◆ **PROBLEM**
Any pictures in the records below must be left out when you repeat the lines from the line containing "Looking for a" through the line containing "Free kittens okanagan cheap" exactly.

◆ **INFORMATION PROVIDED**
* * * *
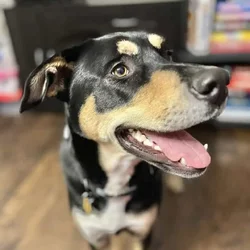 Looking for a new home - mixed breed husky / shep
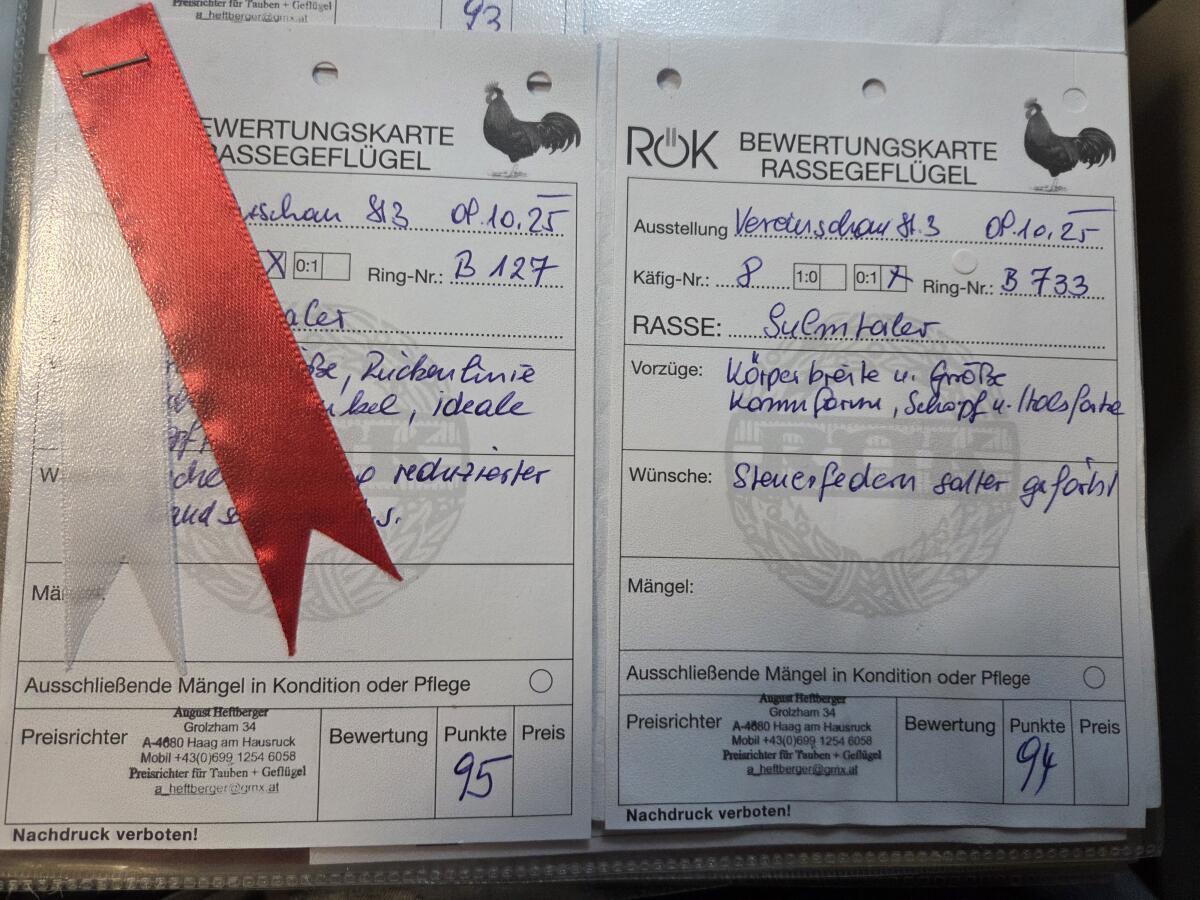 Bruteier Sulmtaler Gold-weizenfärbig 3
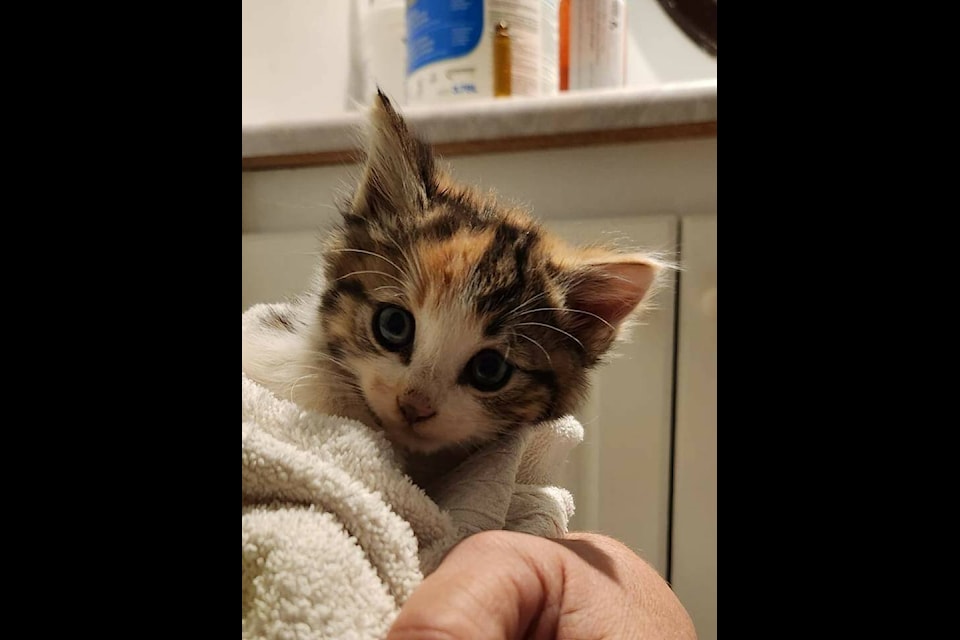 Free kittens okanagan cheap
* * * *
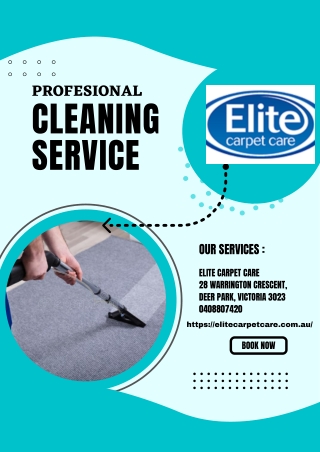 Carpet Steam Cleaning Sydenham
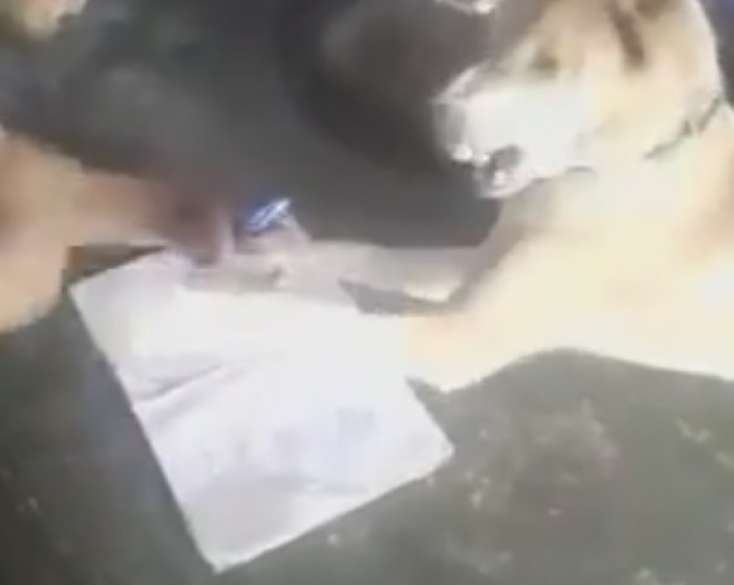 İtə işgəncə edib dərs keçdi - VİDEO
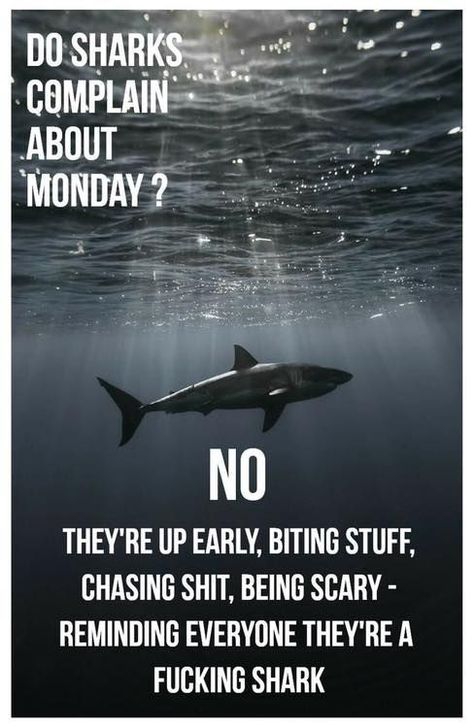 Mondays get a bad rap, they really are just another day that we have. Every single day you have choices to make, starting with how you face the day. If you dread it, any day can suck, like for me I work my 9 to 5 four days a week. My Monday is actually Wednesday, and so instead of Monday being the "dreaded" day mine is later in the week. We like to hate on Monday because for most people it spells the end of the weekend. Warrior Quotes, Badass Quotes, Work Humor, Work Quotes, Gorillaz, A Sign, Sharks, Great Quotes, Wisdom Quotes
* * * *
◆ **TASK RESULT**
 Looking for a new home - mixed breed husky / shep
 Bruteier Sulmtaler Gold-weizenfärbig 3
 Free kittens okanagan cheap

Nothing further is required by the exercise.